### Records from a data source

=== Section Start ===

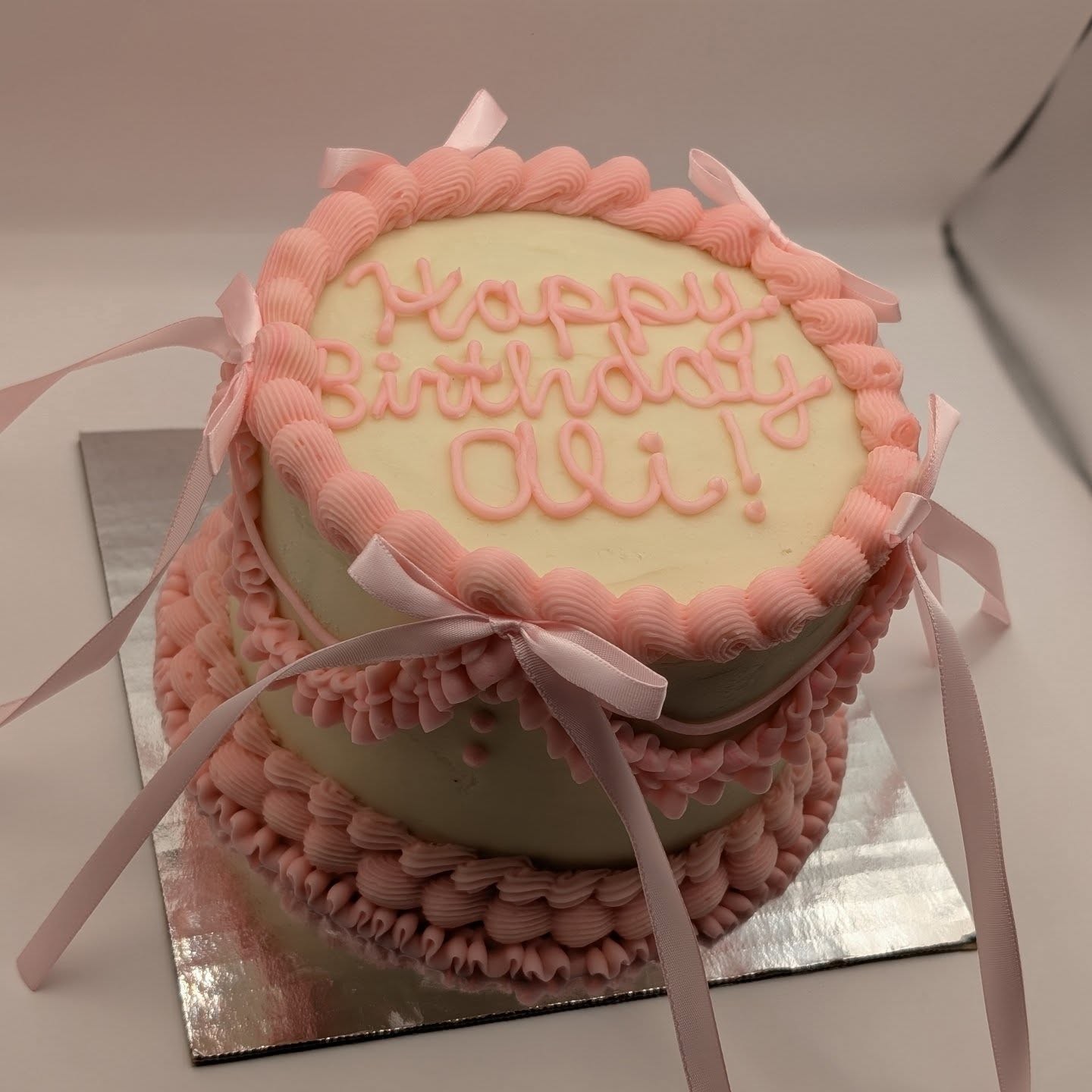 Photo of Cake (4" - 7")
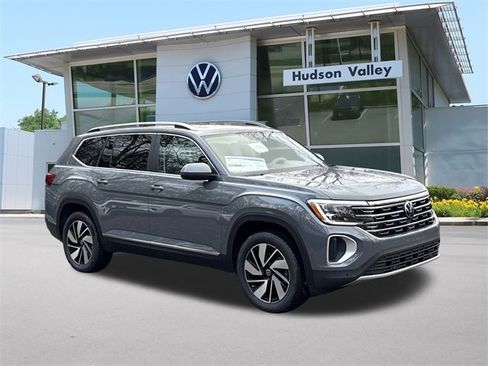 New 2026 Volkswagen Atlas SEL image 1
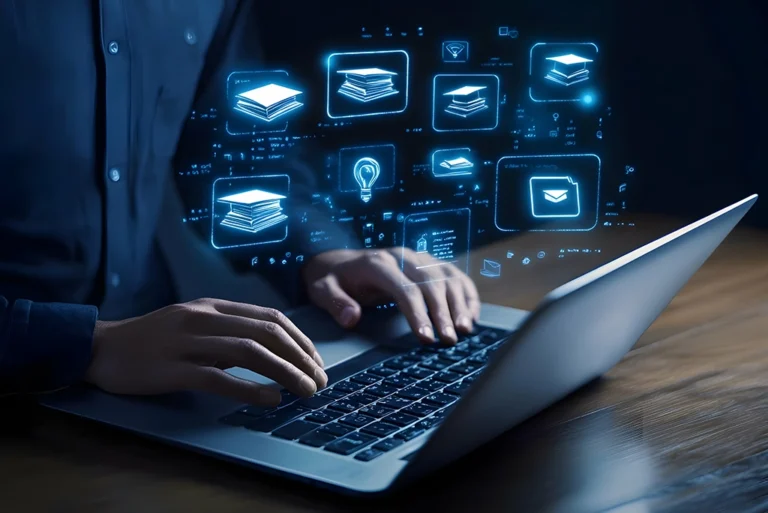 imagen de una persona frente a una computadora observando los diferentes tipos de cursos para potenciar los conocimientos de los universitarios.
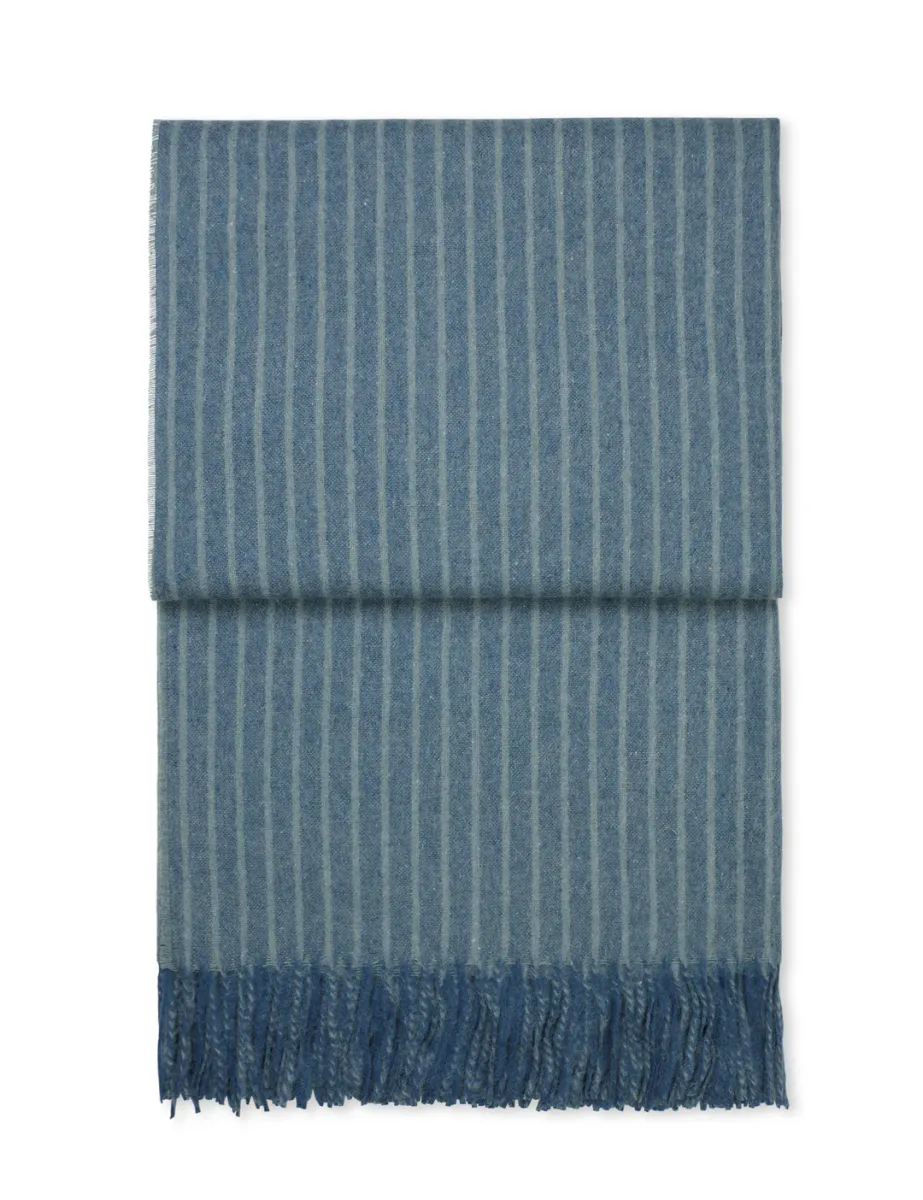 Pledd, stripes throw, mirage blue. Elvang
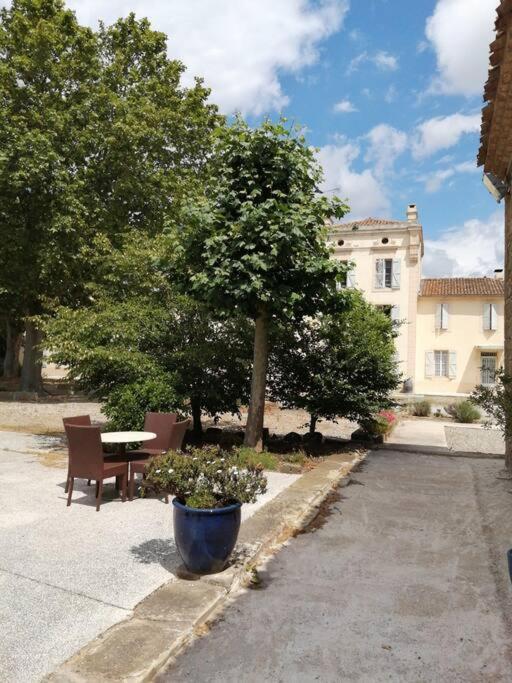Le Soleil D Eugenie Appartement Dans Residence Avec Piscine Commune Pres De Carcassonne Olonzac Esterno foto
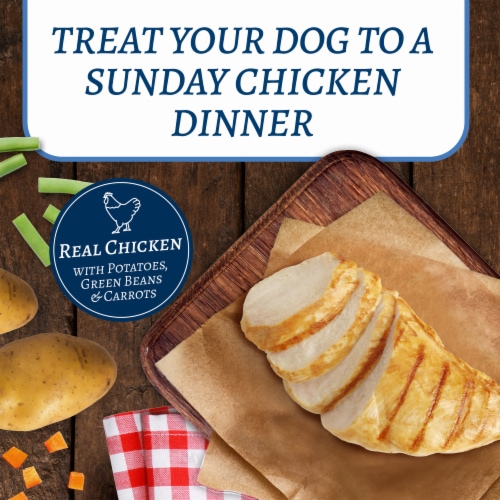 Blue Buffalo Family Favorites Adult Wet Dog Food Sunday Chicken Dinner Perspective: left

=== Section End ===

### PROBLEM
Without any pictures, reproduce exactly the lines from the line that contains "Le Soleil D" to the end of the entries above, both ends included.

### RESPONSE
Le Soleil D Eugenie Appartement Dans Residence Avec Piscine Commune Pres De Carcassonne Olonzac Esterno foto
 Blue Buffalo Family Favorites Adult Wet Dog Food Sunday Chicken Dinner Perspective: left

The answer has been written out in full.